══ DATA EXTRACT

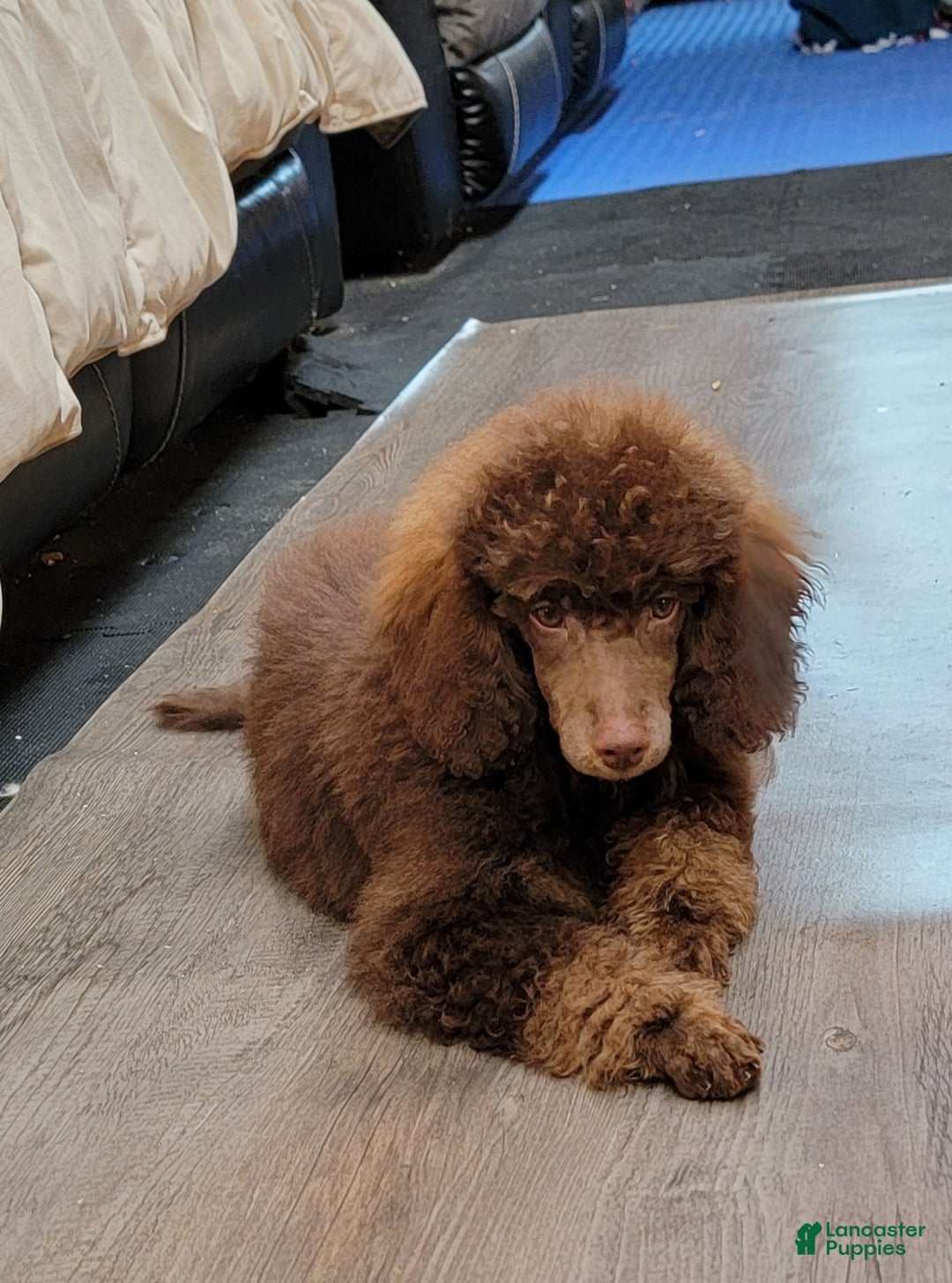 Miniature Poodle dogs for sale: Cooper moyen poodle  - Ad 7
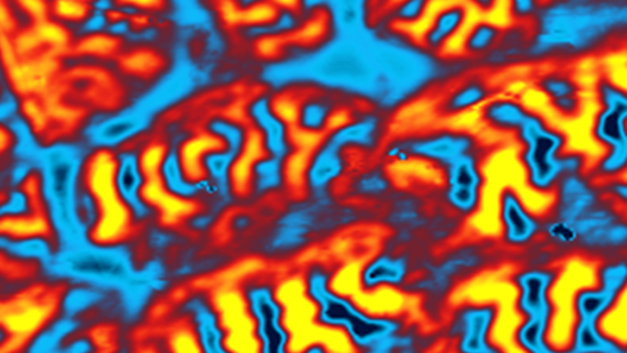 ORNL Placeholder Image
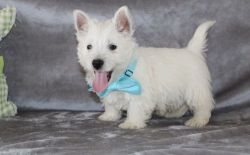AKC West Highland White Terrier Puppies ready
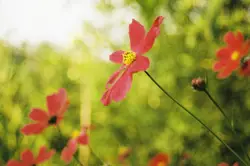 Red petaled flower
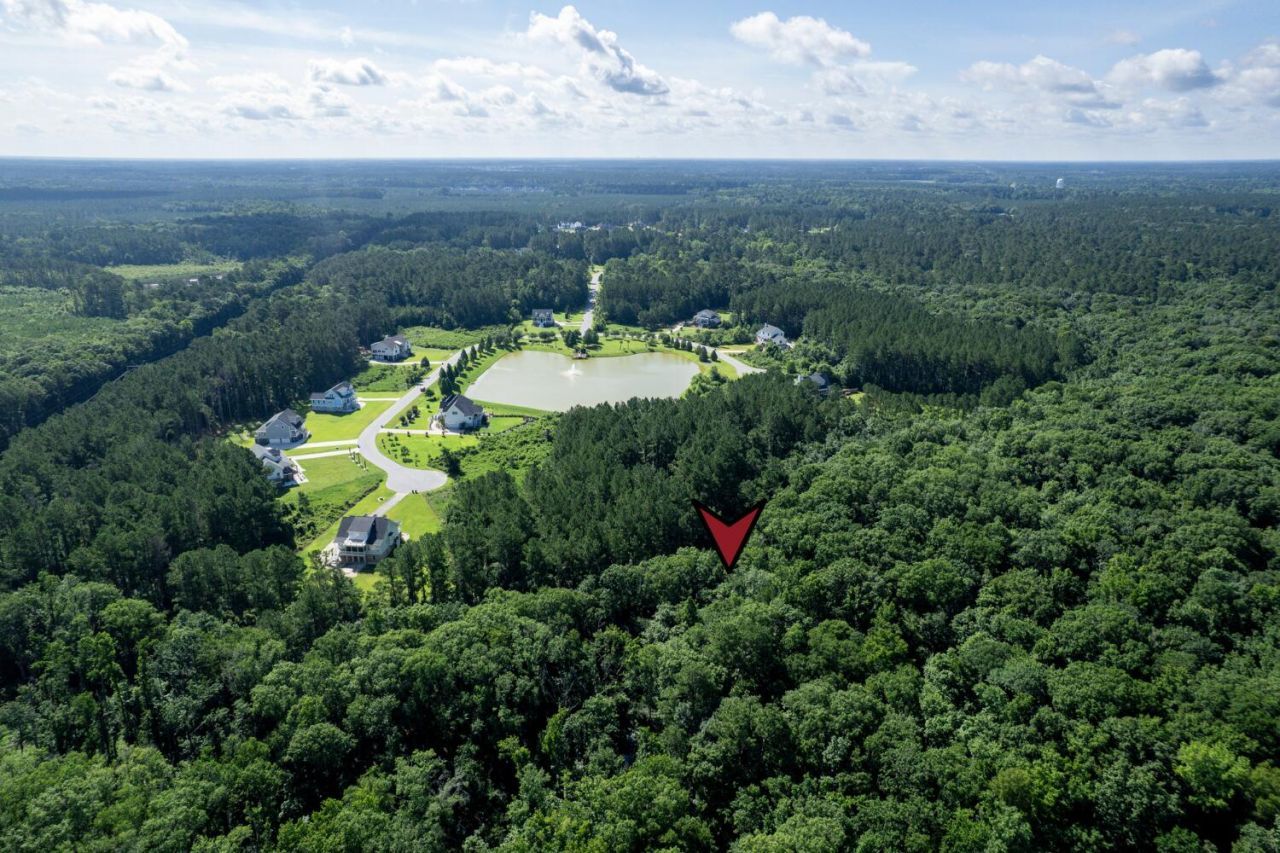 1336 Wood Sorrel Drive Photo 22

════

**PROBLEM REQUIREMENTS**
Set down the entries above exactly, and keep every picture out of your copy.

**RESPONSE BOX**
 Miniature Poodle dogs for sale: Cooper moyen poodle  - Ad 7
 ORNL Placeholder Image
AKC West Highland White Terrier Puppies ready
 Red petaled flower
 1336 Wood Sorrel Drive Photo 22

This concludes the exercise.